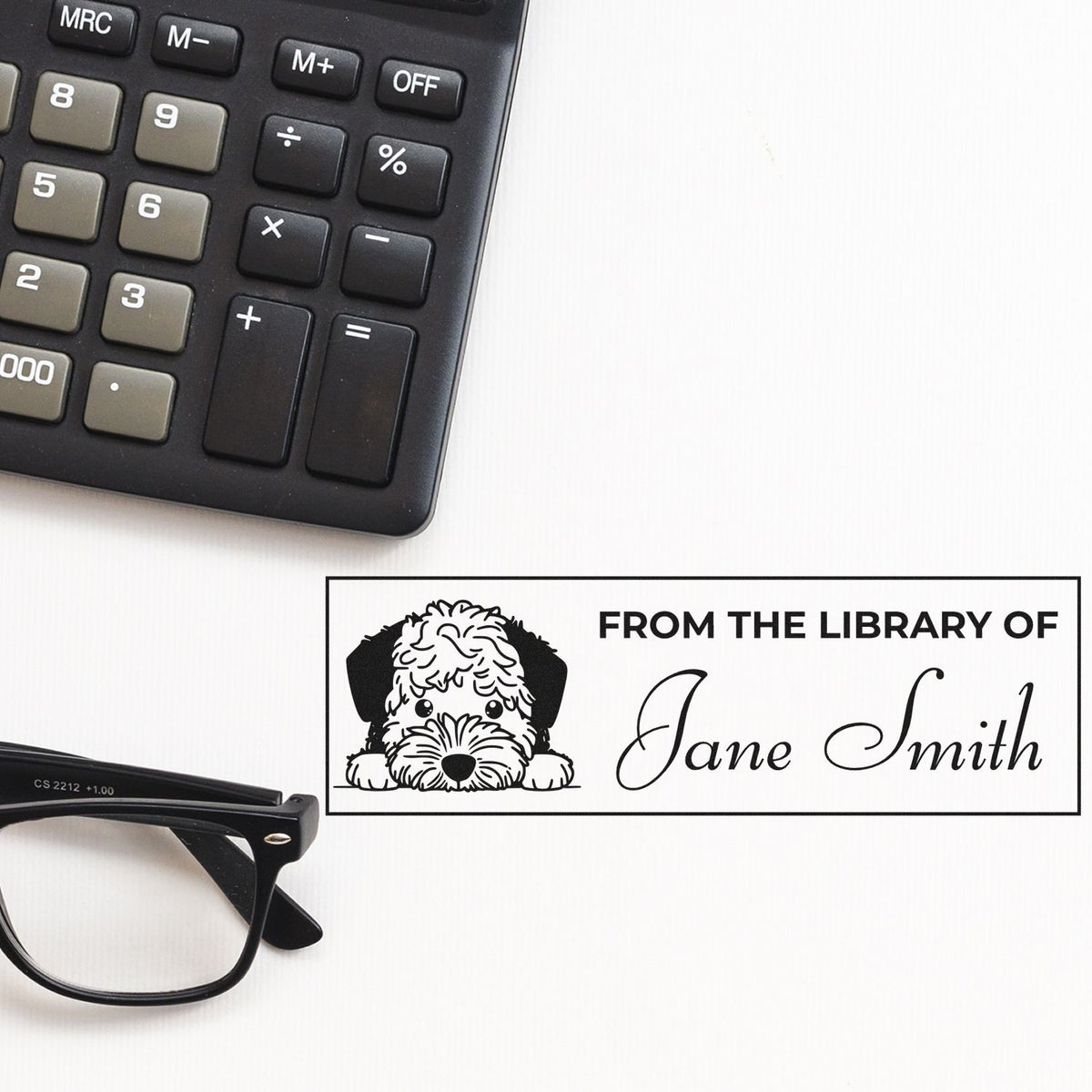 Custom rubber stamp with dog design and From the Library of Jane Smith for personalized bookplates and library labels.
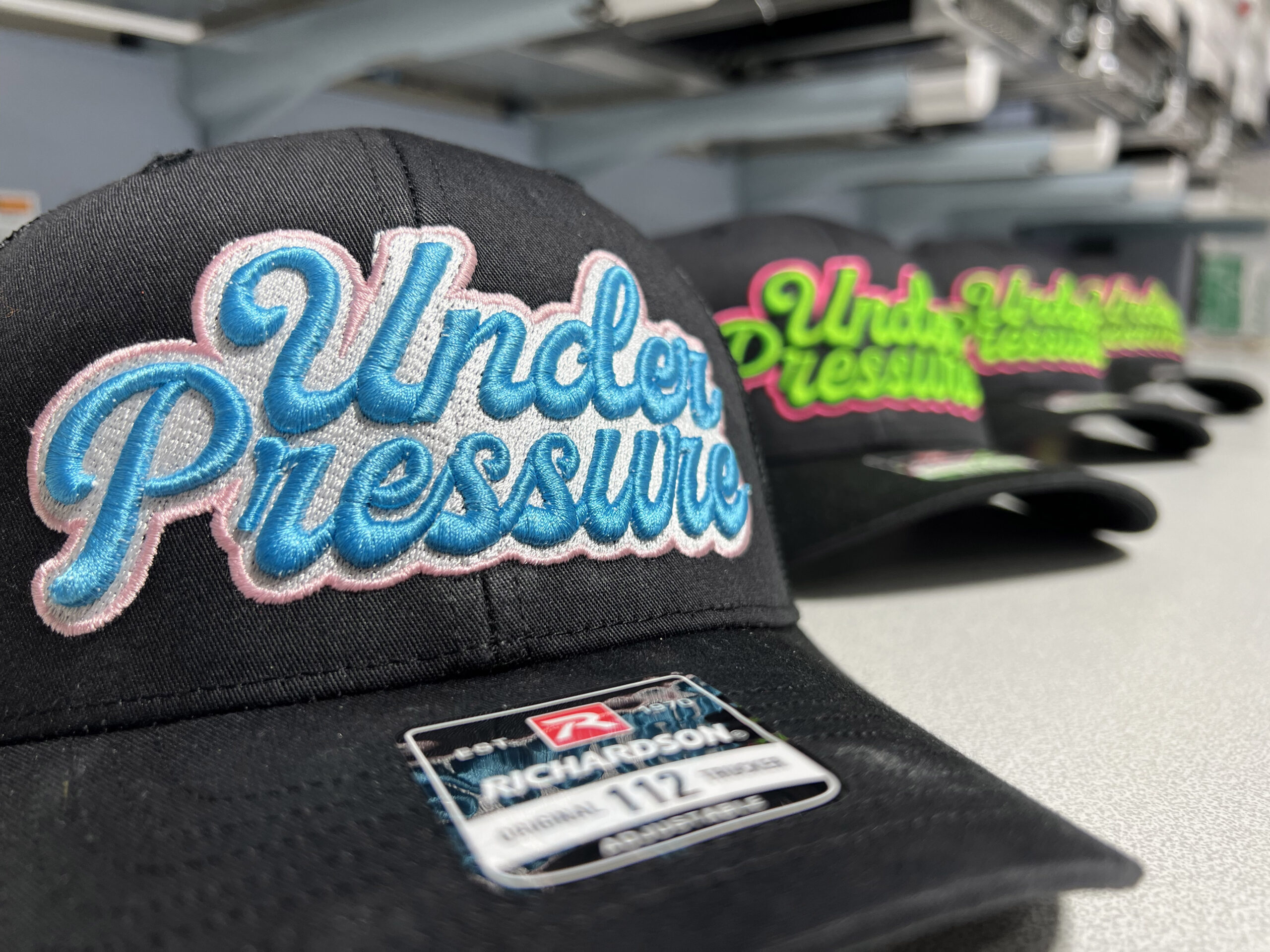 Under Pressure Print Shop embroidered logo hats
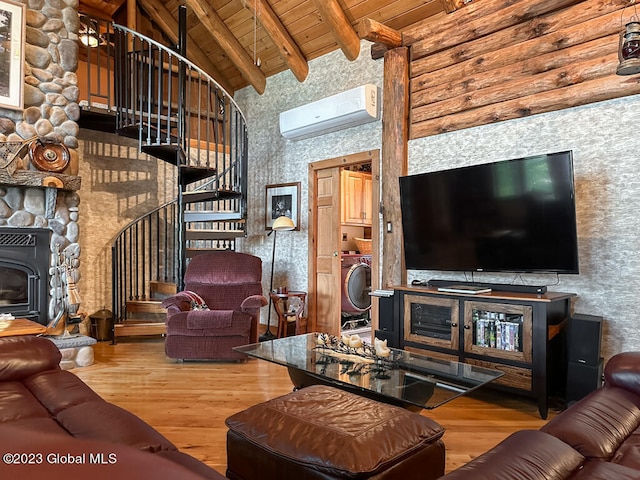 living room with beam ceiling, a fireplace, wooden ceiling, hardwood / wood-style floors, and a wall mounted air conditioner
━━━━
*Task requirements*.
Once you find the line with "Under Pressure Print", restate it and every later line of the data word for word, excluding the pictures.

*Your solution*.
 Under Pressure Print Shop embroidered logo hats
 living room with beam ceiling, a fireplace, wooden ceiling, hardwood / wood-style floors, and a wall mounted air conditioner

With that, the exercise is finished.